## [Given information]
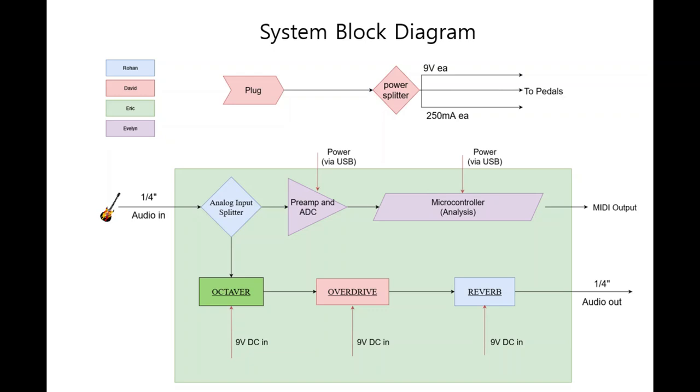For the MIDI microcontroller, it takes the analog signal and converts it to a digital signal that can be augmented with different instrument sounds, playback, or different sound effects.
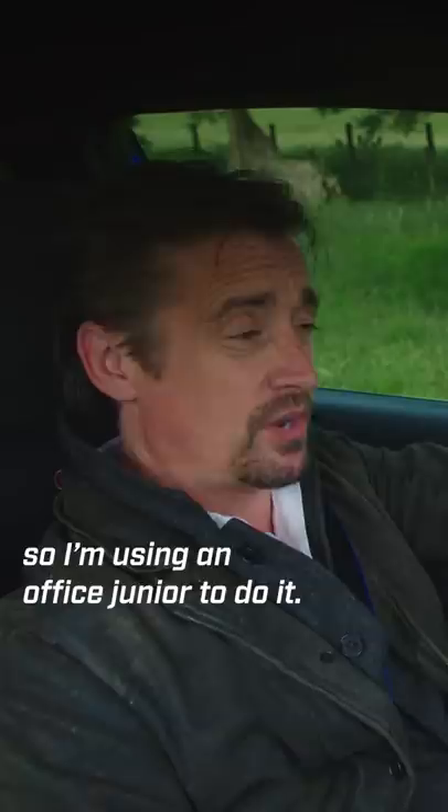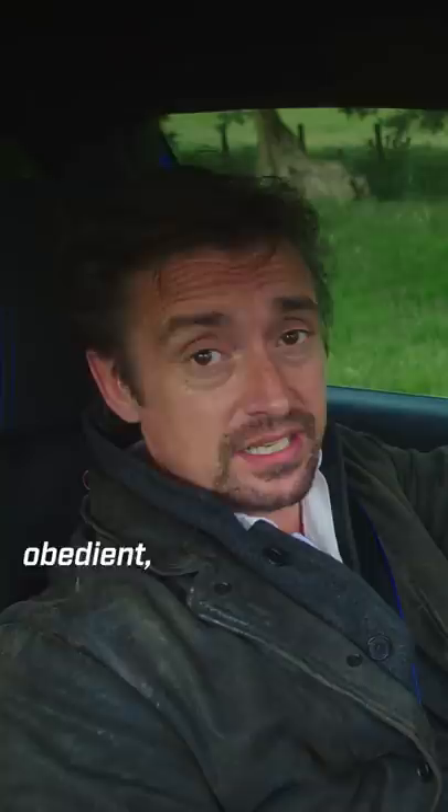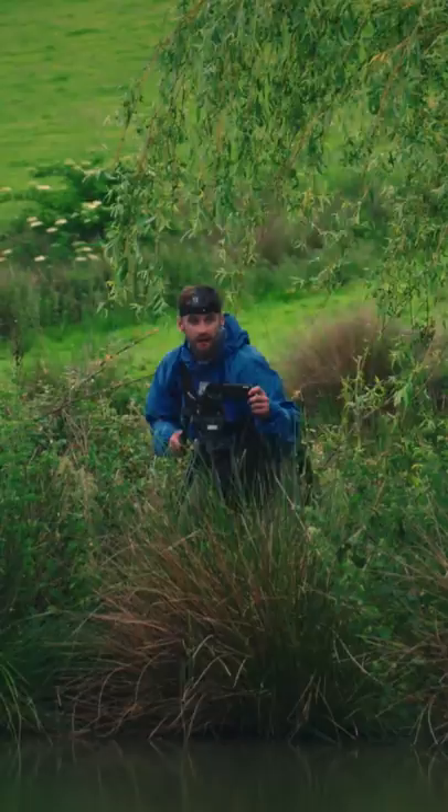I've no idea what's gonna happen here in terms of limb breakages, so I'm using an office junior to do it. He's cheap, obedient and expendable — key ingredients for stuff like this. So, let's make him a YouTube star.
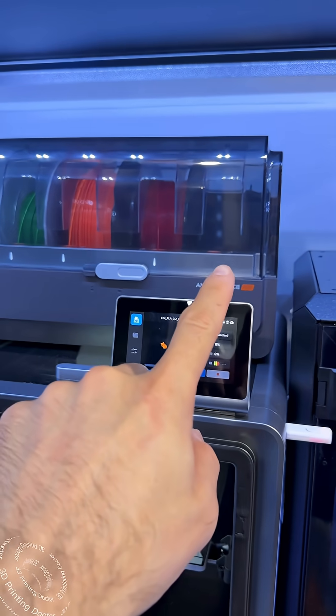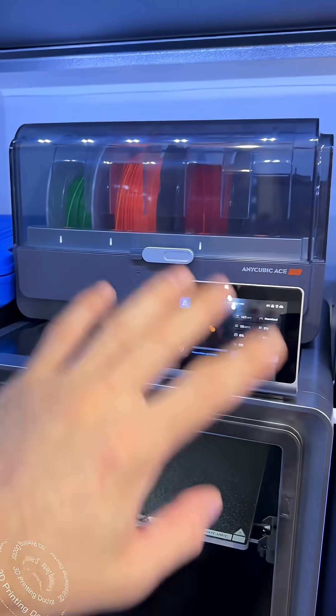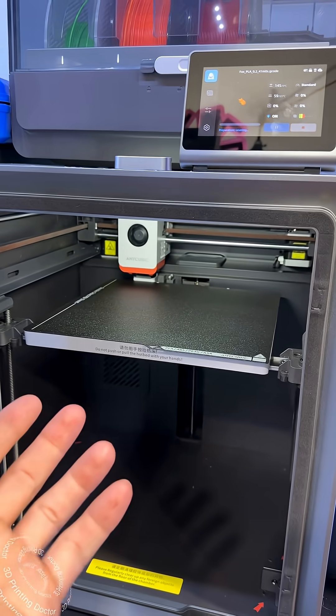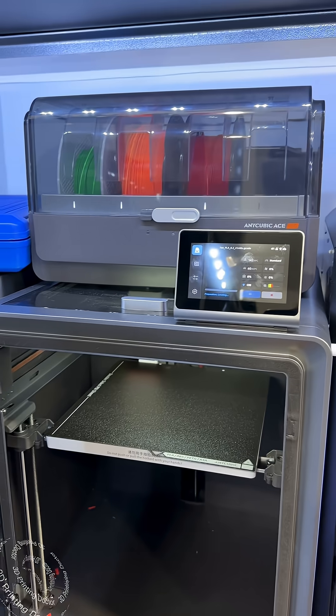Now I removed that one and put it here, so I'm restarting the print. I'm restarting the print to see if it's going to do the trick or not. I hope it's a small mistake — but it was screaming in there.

## [Problem to solve]
Quote verbatim the final run of lines in the material above, from the line that contains "I've no idea" through the very last line, excluding any pictures.

## [Response to this task]
I've no idea what's gonna happen here in terms of limb breakages, so I'm using an office junior to do it. He's cheap, obedient and expendable — key ingredients for stuff like this. So, let's make him a YouTube star.
Now I removed that one and put it here, so I'm restarting the print. I'm restarting the print to see if it's going to do the trick or not. I hope it's a small mistake — but it was screaming in there.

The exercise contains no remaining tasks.